Dear Rep. Jan Schakowsky,
I write to respond to your specific statement during the press conference following Prime Minister Netanyahu’s historic speech before Congress:
“What I heard today, felt to me like an effort to stampede the United States into war once again. That we should break from the P5+1, yes, we are the one, we should break with them. And I believe that it was to consider war.”
I gather from this remark that you are not a student of history. As you should recall, during the first Gulf War Israel remained silent. As the Iranians do today, Sadam Hussein repeatedly threatened to destroy the Jewish State. It was reported and confirmed that for years he provided significant funds to Palestinian families from which a member lost his\her life in a terrorist attack upon Israel’s civilian population.
In total Iraq launched 88 Russian SCUD missiles, 46 of them were fired at Saudi Arabia and 42 at Israel’s civilian population. Israel did not respond respecting the desires of the United States. While I am not an historian by profession, I do have some knowledge of world history. I do not recall a nation most able to respond to an attack on its home soil, an attack on its civilian population, not acting on its internationally recognized right to respond in kind to an act of war. Do you?
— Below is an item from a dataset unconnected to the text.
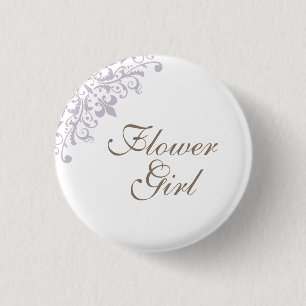 Fransk Lila Fleur de Lis Script Flower Girl Knapp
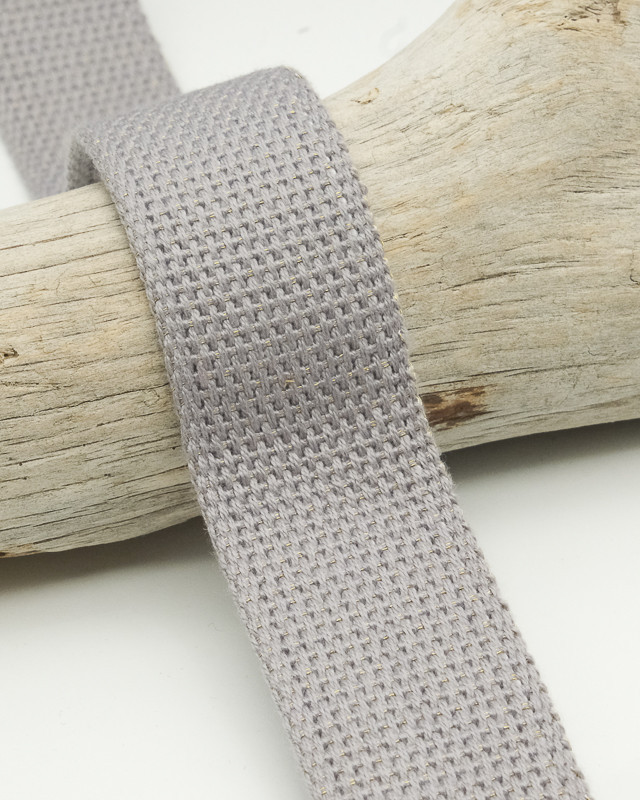 Sangle Coton Lurex Or 30MM gris claire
The last person in the world who wants war with Iran is Prime Minister Netanyahu as he knows that the first target of the Iranians, whether Israel is involved in that war or not, will be the civilian population of his nation. Netanyahu took the unusual step of appearing before Congress, with the knowledge that our President was not in favor of his action, with the knowledge that, unlike what the American press has reported, this step may very well hurt him in the upcoming Israeli elections, motivated by one issue only – his desire to protect the civilian population of Israel and the very survival of his nation and the world. It is the Prime Minister’s assessment, and the assessment of the majority of Americans, that what we know of the negotiations by the United States with Iran, will lead to Iran becoming a nuclear power. It already has the ability to deliver a nuclear warhead to Israel and is in the process of developing ICBMs enabling it to deliver a nuclear warhead to New York and Washington. The first atomic bomb it launches will be at Israel. The Prime Minister believes that a tougher stance in negotiations with Iran on the part of the United States will yield the goal we all seek – an Iran unable to develop a nuclear bomb.
Your cynical conclusion that Prime Minister Netanyahu would like nothing better than to have the United States enter into a war with Iran thus allowing American blood to be shed in a confrontation which would significantly accrue to the benefit of Israel, has been from time immemorial one of the traditional canards of anti-Semitism, that Jews manipulate the world to their own benefit. It seems you have forgotten that from the very birth of the Jewish State, it has been a policy of Israel not to involve American troops in its defense. The Prime Minister himself is a seasoned warrior on behalf of his nation, His family lost his own brother in the famous Entebbe raid. He fully understands the horrors of war.
I understand your partisan politics, your desire to stand with our President. Yet, to mouth an accusation against the Prime Minister of Israel which smacks of classical anti-Semitism is unacceptable even from a partisan politician.